Because the question underneath all of it, the one that keeps getting skipped, is not which AI skills matter. It's how you know whether someone actually has them.
Something significant is happening in higher education right now that brings this into sharp focus.
Purdue University has become the first US institution to require every undergraduate – regardless of major – to demonstrate AI competency before they can graduate.¹
Ohio State has gone further, committing that every student from the class of 2029 will leave not just knowing about AI, but genuinely fluent in applying it within their field of study.²
These are serious institutions making serious public commitments. This isn't an elective. It isn't a pilot. It's a graduation requirement.
And it's coming. To Europe. To Asia. To every university that wants its graduates to be employable in an AI-shaped economy.
But when a university says its graduates are AI fluent – how do you know? Not how do you hope. Not how do you assume based on the curriculum design document. How do you actually know?
Because the policy is not the evidence. The learning outcome written into the programme specification is not evidence of competence, that's evidence of an input. And the course completion data sitting in the LMS is definitely not the evidence.
As Alex Kotran, CEO of the AI Education Project, put it when Purdue made its announcement: "This is promising, but the proof will be in the pudding: Are they building the systems for professional development and learning? The policy is just step one."³
Step one.
Universities are racing to make the commitment. The infrastructure to verify it – rigorous, contextualised, practice-based assessment that actually distinguishes genuine fluency from module completion – is nowhere to be seen.

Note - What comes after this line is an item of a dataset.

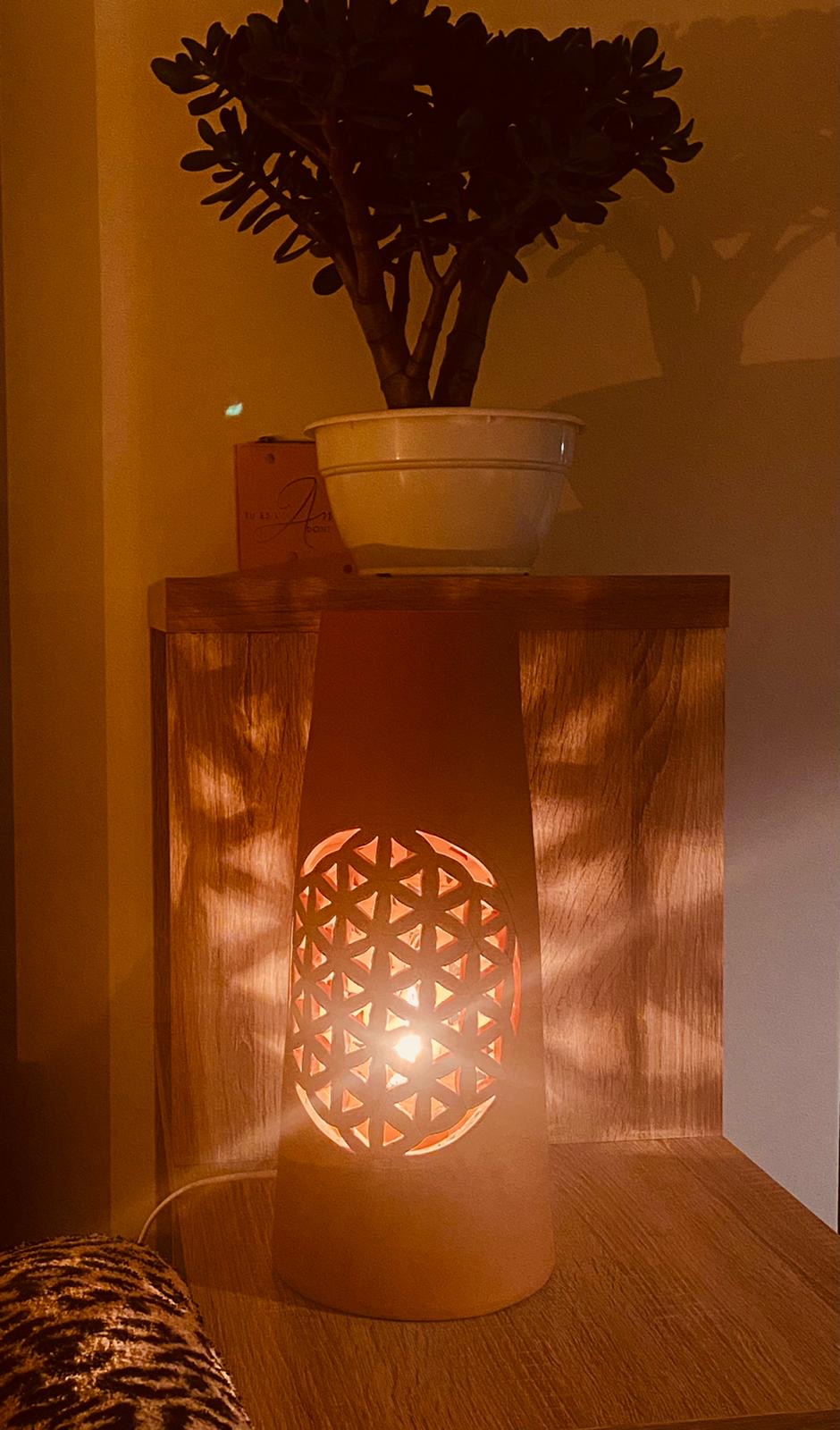 lampe-univers-fleur-de-vie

Yet.
The university made a commitment. The accreditor approved it. The individual invested time and money trusting it would be worthwhile. None of that answers whether the credential they're holding justifies what they paid for it today; or whether it will be worth anything tomorrow?
That matters for employers. It matters for professional bodies whose members are emerging from these programmes. And it matters enormously for the organisations whose quality assurance stamp sits on top of the claim.
Are the accreditors who put their stamp on these programmes ready to answer that question?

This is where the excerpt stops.